I'd be just about as happy if Max Von Sydow won as the mute grandfather in Extremely Loud and Incredibly Close.
Best Supporting Actress
Who'll Win: Berenice Bejo, The Artist
Who Ought to Win: Bejo
If Hollywood still did hokey things like crown actresses The "It" Girl or America's Sweetheart, Bejo would be a natural candidate. Indeed, even if The Artist weren't a 1930s Hollywood period piece, she would still seem right at home on the cover of Photoplay or Modern Screen. Bejo's the most delightful thing in one of the year's most charming movies, and we can only hope she'll come back from France and make a talkie here someday.

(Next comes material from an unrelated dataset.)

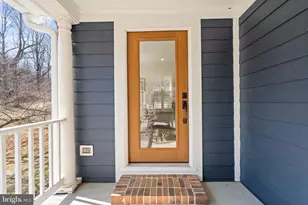 5755 Hunton Wood Dr, Broad Run, VA 20137 - Photo 11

Overcome with guilt for not awarding Glenn Close her most deserved Best Actress award, the Academy voters just might turn around and honor her Albert Nobbs costar, Janet McTeer.
Best Original Screenplay
Who'll Win: Asghar Farhadi, A Separation
Who Ought to Win: Woody Allen, Midnight in Paris
The Oscar voters are going to do everything they can to support Asghar Farhadi, the Iranian filmmaker who defied government bullying to make his touching story about a married couple facing stark domestic decisions. But really, Woody should win for his most imaginative, heartfelt screenplay in years, a fantasy that speaks to everyone who suspects, deep down inside, that they were born at the wrong time.
Best Adapted Screenplay
Who'll Win: Steven Zaillian and Aaron Sorkin, Moneyball
Who Ought to Win: Alexander Payne, Nat Faxon, and Jim Rash, The Descendants The most gratifying company I've ever had has been with people who find ways to laugh, or at least smile, through adversity. The appeal of The Descendants is not in its soapy premise-a husband discovers that his now-comatose wife cheated on him-but in its dogged refusal to wallow in the suds. This is the way real people face real problems: they find a way to go on living, and that sometimes means collecting yourself, shaking your head with a sad smile, and moving on.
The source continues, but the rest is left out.